Feb'23: in my first paper at bioRxiv,
we develop a new framework for representing k-mer sets based on the shortest superstring problem
(another "theory meets practice" paper). UPDATE: accepted to RECOMB-seq, to appear in iScience.
Feb'23: update of the paper on streaming facility location (FOCS'22):
thanks to Arnold Filtser, our algorithmic framework gives a constant, that is O(1/ε), approximation in one pass,
albeit with space increased to nε.
We prove a tight lower bound for the space used by a deterministic comparison-based quantile summary,
which keeps track of all quantiles in a data stream (where items are linearly ordered), up to a small error.
The lower bound matches the worst-case performance of the Greenwald-Khanna algorithm, up to a constant factor,
and holds even for finding an approximate median in a data stream in the comparison-based model,
where an algorithm only compares items and is otherwise completely oblivious of the universe of items.
We designed a φ-competitive deterministic algorithm for bounded-delay packet scheduling.
In this problem, packets arrive online into a buffer, each with a deadline, a weight, and of length 1.

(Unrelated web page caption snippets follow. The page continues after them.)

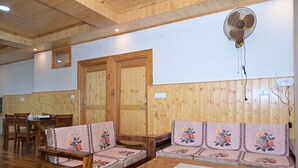 Una habitación con paredes y techo de madera, una mesa de madera, dos sofás de madera con cojines estampados y una puerta de madera, además de un ventilador fijado a la pared.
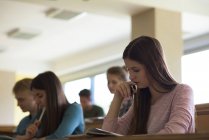 Low angle view of young college students at desk while sitting classroom — Stock Photo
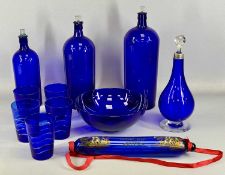 THREE BRISTOL BLUE GLASS CHEMISTS' BOTTLES WITH STOPPERS, 41cms (h) the tallest, circular fruit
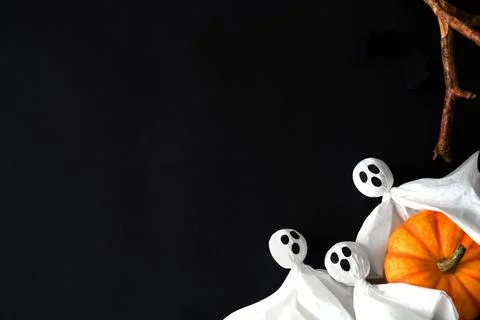 Three white ghosts hold orange pumpkin on black background, halloween symbols Stock Photos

The goal is to schedule a packet in each time slot to maximize the total weight of scheduled packets.
Our algorithm is based on the plan which is the maximum-weight subset of pending packets that can be
scheduled starting from the current slot.
We proved PSPACE-hardness of online coloring in which vertices of a known
graph G arrives online and Painter colors them immediately without knowing to which
induced subgraph of G the colored vertices correspond.
Previously, PSPACE-hardness was known only in the variant in which some part of the graph is precolored
(which makes the hardness proof substantially easier).